ABOUT THIS EXERCISE -
Repeat every record below exactly as it appears.

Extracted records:
^^^^^^^^^^^^^^^^

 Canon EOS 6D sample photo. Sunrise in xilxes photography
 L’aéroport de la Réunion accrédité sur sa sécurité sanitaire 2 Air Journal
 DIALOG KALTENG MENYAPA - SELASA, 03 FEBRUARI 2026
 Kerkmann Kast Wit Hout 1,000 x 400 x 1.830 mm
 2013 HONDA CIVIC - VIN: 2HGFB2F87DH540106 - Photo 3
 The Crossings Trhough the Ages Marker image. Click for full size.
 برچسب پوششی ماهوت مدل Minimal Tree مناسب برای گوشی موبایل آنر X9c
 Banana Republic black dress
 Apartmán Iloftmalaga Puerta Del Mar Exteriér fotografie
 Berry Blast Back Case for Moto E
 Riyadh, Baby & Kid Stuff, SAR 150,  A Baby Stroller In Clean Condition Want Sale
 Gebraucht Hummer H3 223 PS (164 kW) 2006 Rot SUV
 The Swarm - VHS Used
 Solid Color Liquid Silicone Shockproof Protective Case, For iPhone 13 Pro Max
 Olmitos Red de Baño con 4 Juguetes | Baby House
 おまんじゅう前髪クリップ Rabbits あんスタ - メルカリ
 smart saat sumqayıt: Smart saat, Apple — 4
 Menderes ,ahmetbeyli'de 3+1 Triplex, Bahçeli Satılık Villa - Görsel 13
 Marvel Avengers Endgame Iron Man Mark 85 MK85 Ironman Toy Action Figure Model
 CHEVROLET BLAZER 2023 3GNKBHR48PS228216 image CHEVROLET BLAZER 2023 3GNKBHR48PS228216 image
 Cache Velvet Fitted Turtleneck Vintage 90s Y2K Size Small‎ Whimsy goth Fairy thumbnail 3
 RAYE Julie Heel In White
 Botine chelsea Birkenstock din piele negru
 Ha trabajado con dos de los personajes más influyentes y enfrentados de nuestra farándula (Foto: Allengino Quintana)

^^^^^^^^^^^^^^^^

RESULT FOR THIS TASK -
 Canon EOS 6D sample photo. Sunrise in xilxes photography
 L’aéroport de la Réunion accrédité sur sa sécurité sanitaire 2 Air Journal
 DIALOG KALTENG MENYAPA - SELASA, 03 FEBRUARI 2026
 Kerkmann Kast Wit Hout 1,000 x 400 x 1.830 mm
 2013 HONDA CIVIC - VIN: 2HGFB2F87DH540106 - Photo 3
 The Crossings Trhough the Ages Marker image. Click for full size.
 برچسب پوششی ماهوت مدل Minimal Tree مناسب برای گوشی موبایل آنر X9c
 Banana Republic black dress
 Apartmán Iloftmalaga Puerta Del Mar Exteriér fotografie
 Berry Blast Back Case for Moto E
 Riyadh, Baby & Kid Stuff, SAR 150,  A Baby Stroller In Clean Condition Want Sale
 Gebraucht Hummer H3 223 PS (164 kW) 2006 Rot SUV
 The Swarm - VHS Used
 Solid Color Liquid Silicone Shockproof Protective Case, For iPhone 13 Pro Max
 Olmitos Red de Baño con 4 Juguetes | Baby House
 おまんじゅう前髪クリップ Rabbits あんスタ - メルカリ
 smart saat sumqayıt: Smart saat, Apple — 4
 Menderes ,ahmetbeyli'de 3+1 Triplex, Bahçeli Satılık Villa - Görsel 13
 Marvel Avengers Endgame Iron Man Mark 85 MK85 Ironman Toy Action Figure Model
 CHEVROLET BLAZER 2023 3GNKBHR48PS228216 image CHEVROLET BLAZER 2023 3GNKBHR48PS228216 image
 Cache Velvet Fitted Turtleneck Vintage 90s Y2K Size Small‎ Whimsy goth Fairy thumbnail 3
 RAYE Julie Heel In White
 Botine chelsea Birkenstock din piele negru
 Ha trabajado con dos de los personajes más influyentes y enfrentados de nuestra farándula (Foto: Allengino Quintana)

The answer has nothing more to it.